Desenhista de um livro sobre
o candidato da direita à Presidência da França, Nicolas Sarkozy, Riss diz: "Sim, a política
tem uma "mise en scene" especial e é isso que permite que ela
vire quadrinho" -enquanto
confessa um certo tédio para
traçar "Sarkô", um homem que,
segundo ele, "faz sempre o
mesmo número".
Depois de um ano desenhando o personagem, Riss diz não
agüentar mais vê-lo, o que soa
como metáfora das posições
tanto dele como de Pétillon para as próximas eleições francesas -os dois conversaram sobre o tema a convite da Folha.
Pétillon "gosta" de Sarkozy
por motivos diferentes: "É um
ótimo personagem de apoio
para Chirac e [o primeiro-ministro] Villepin. Ele me inspira.
Eu adoro desenhar Chirac. É
um personagem formidável."
Pois bem, o atual presidente
da França aparece de maneiras
bastante diferentes nos desenhos dos dois. Pétillon o faz
malemolente, curvilíneo, com
seu marcante nariz alongado
como o de um Pinochio. Já Riss
traça a mesma protuberância
de forma aquilina, pontiaguda.
Uma explicação seria técnica: cartum "feito com traços
mais simples, despojados", como explica o cartunista é muito
diferente de quadrinho "que
exige uma preocupação com a
narração, a atmosfera", como
diz o quadrinista. Apesar das
diferenças, um mesmo movimento os une os desenhistas: a
indignação, sem militância.
"Em geral, aquilo que me inspira é o que me enerva. É uma
dramatização da minha reação.
É para ser engraçado, mas tem
que passar pela ironia", diz Pétillon. "É o interesse pela política que move o desenho, mas
não se pode ser militante. O objetivo não é lutar contra ou a favor de nada", completa Riss.

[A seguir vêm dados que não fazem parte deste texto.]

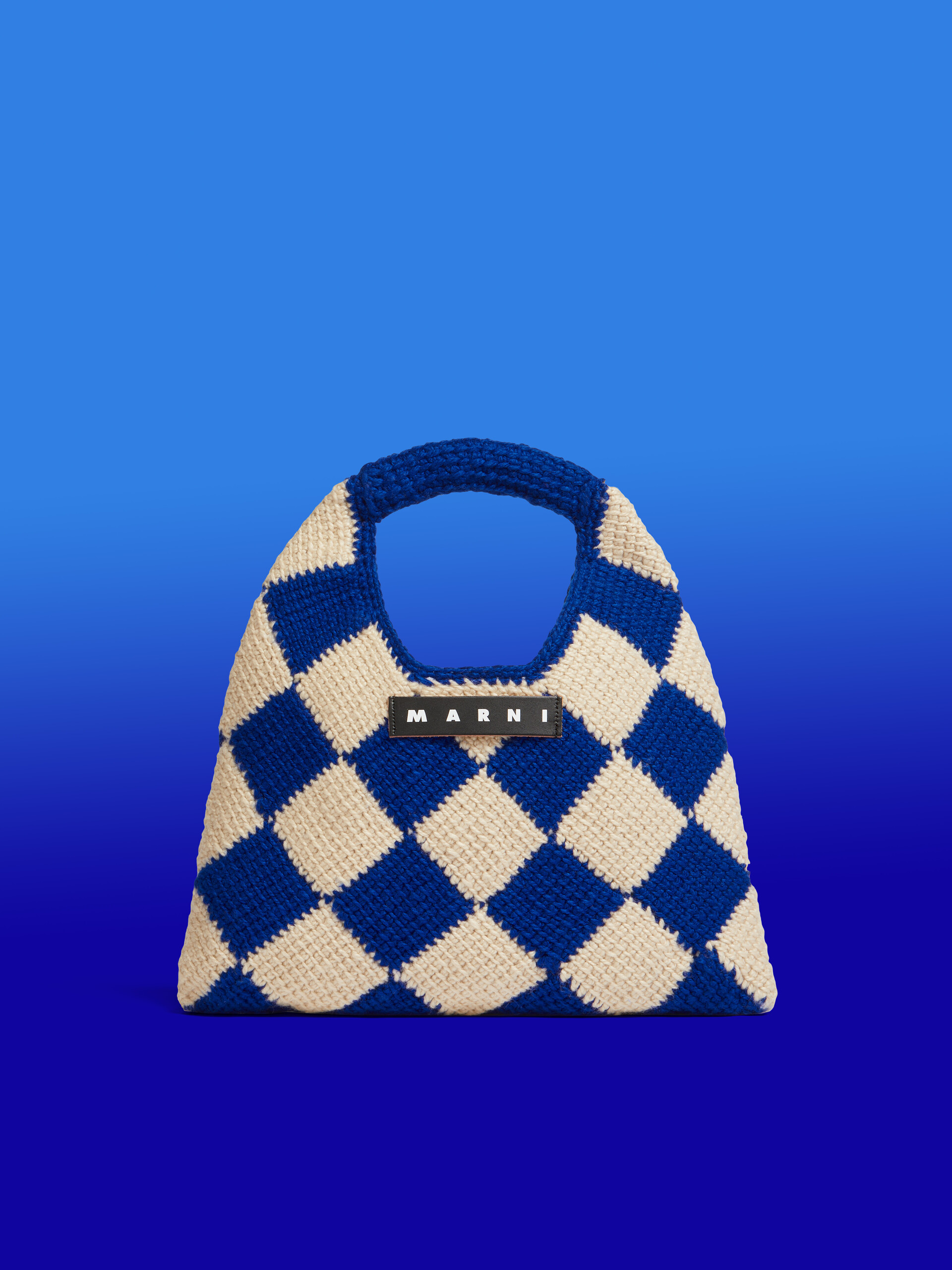 Mittelgroße MARNI MARKET DIAMOND Tasche aus technischer Wolle in Blau und Braun - Taschen - Image 1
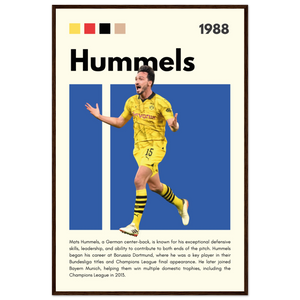 Mats Hummels Borussia Dortmund Framed Poster – Modern Football Art Print 60x90 cm 24x36″ Dark wood frame Vibrantwalls
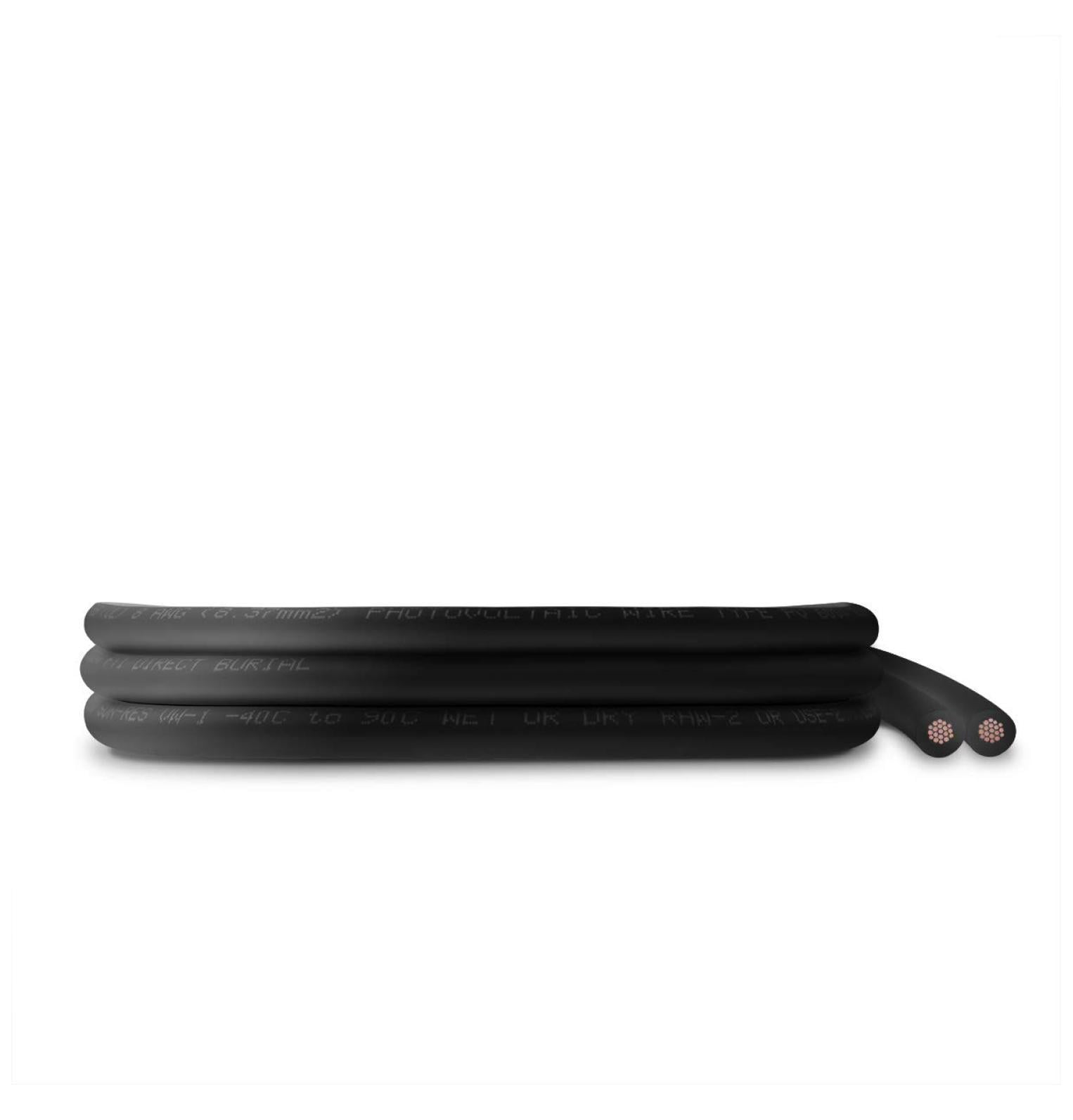 TEMCo 8 AWG/Gauge Solar Cable - Made in The USA 25 Feet Black (Variety of Lengths Available)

Na França, a charge política
não é tão publicada quanto no
Brasil. Os dois desenhistas lamentam que o desenho político seja relegado mais aos jornais satíricos. Desconhecedores da vida política e jornalística brasileira, dizem que seria
difícil emplacar um gibi com
um personagem como Lula.
"Provavelmente, o único líder latino-americano que poderia interessar aos franceses
seria Fidel Castro", diz Pétillon. "Poucos líderes do mundo
interessariam, aliás. Mas talvez
George Bush", completa Riss,
com a expressão de quem começa a maquinar alguma coisa.
A pergunta de Sarkô
O livro "La face karchée de
Sarkozy", no qual o candidato é
traçado por Riss, ocupa lugar
especial na galeria da reinvenção da política pelo desenho.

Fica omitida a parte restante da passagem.